Jonathan Otry, the Deputy Director of the IMF’s Asia Pacific Department, said that “the current surge in infections presents a worrisome downside” for India which “has seen a more sizeable upward revision to 12 and a half per cent on account of continued normalisation of its economy and a more growth-friendly fiscal policy”.
In projections made before the current spike in Covid-19 cases and released last week, the IMF had raised its estimate of India’s gross domestic product (GDP) growth by 1 per cent from the January projection to the historically high rate of 12.5 per cent – the highest in the world for large economies – during this fiscal year. The growth was projected to moderate to 6.9 per cent next fiscal year.
Otry said at a news conference that a faster vaccine rollout “will propel the economic recovery” around the region.
For this, strong international cooperation is needed to ensure adequate vaccine production and universal distribution at affordable prices, he said, praising India’s programmes.
“In this respect, the efforts of China and India have been commendable. And we hope, both countries continue to make supplies available to other countries, while ensuring adequate supplies at home,” he said.
While the Covid-19 pandemic may adversely impact efforts in some areas to combat climate change, he said that India has pledged to meet the Paris Climate Agreement goals and is even likely to exceed its commitments.
Otry also said that the recovery from the pandemic will be uneven across the Asia Pacific region.
China’s economy is projected to grow by 8.4 per cent this year, the second highest globally. Japan, in contrast will have a growth rate of only 3.3 per cent.
The rest of South Asia, excluding India, is also recovering despite the recent spike in infections because of higher-than-expected exports and remittances, he said.
The IMF’s growth projection for the South Asia region is 11 per cent.
Bangladesh is projected to grow by 5 per cent, Nepal 2.9 per cent, and Sri Lanka 4 per cent.
Pakistan, which is listed by the IMF in the Middle East and Central Asia region, is projected to have a growth rate of 1.5 per cent.
The two smallest South Asian countries are outliers in the growth projection for the region.
The Maldives, with a population of only 531,000 and a GDP of just US$5.6 billion, outperforms most countries with a growth projection of 18.9 per cent.
Bhutan’s economy is, however, projected to continue shrinking, registering a negative growth rate of 1.9 per cent. (Bhutan’s population is 763,000 and GDP US$2.5 billion.)
Among steps to be taken to ensure a strong recovery, Otry called for actions against “zombie” companies and support for “dynamic entrants”.
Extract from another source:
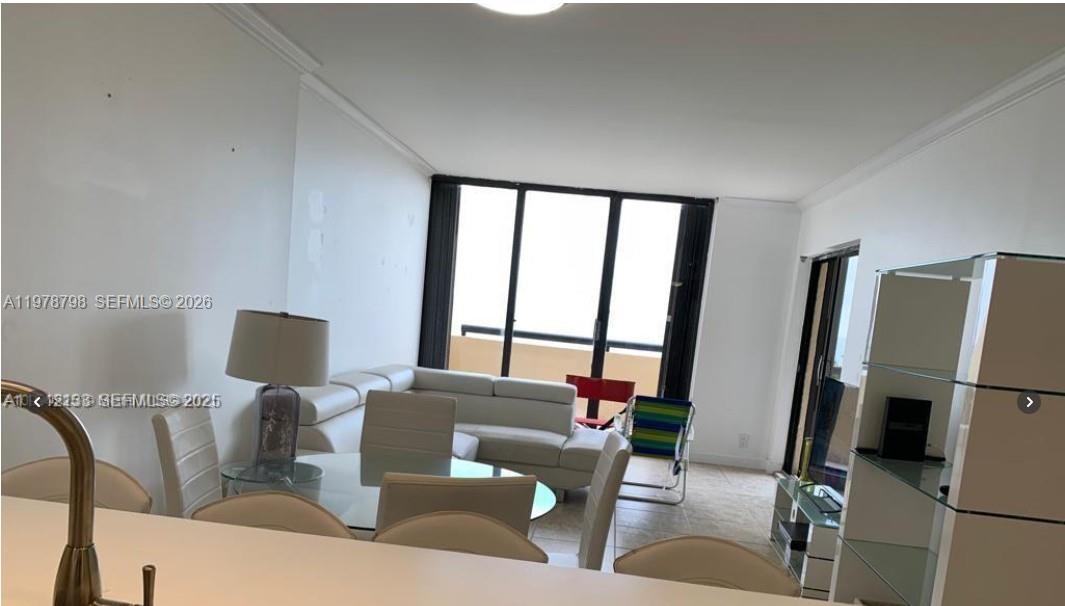 2555 Collins Ave #506 Miami Beach, FL 33140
He said “corporate debt vulnerabilities, especially among small and medium enterprises, need to be addressed”.
“Balance sheet repair” should be facilitated to “enable zombie firms to exit, and allow dynamic entrants to thrive”, he said.
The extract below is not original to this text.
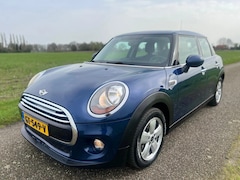 MINI Cooper - 1.5 D Business Navi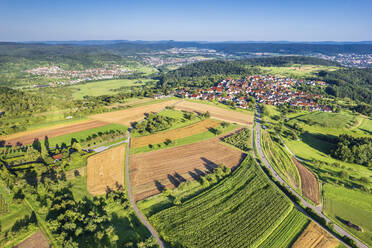 Deutschland, Baden-Württemberg, Drohnenansicht eines Dorfes und der umliegenden Landschaft im Sommer - STSF03025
“Insolvency frameworks need to be strengthened to allow non-viable firms to exit, while assuring adequate credit flow to productive firms, and facilitating fresh equity capital to help companies overcome debt overhangs and grow job opportunities,” he added.
Otry emphasised the role of trade in the recovery.
“Easing of trade and technology tensions and facilitation of digital trade would also provide a welcome fillip to growth,” he said.
“To fulfil Asia’s potential for trade-led growth, restrictions that impede trade need to be reduced. These include tariffs and non-tariff barriers, such as quotas, subsidies, local content rules, and licensing requirements, where progress has stalled since the 1990s,” he added.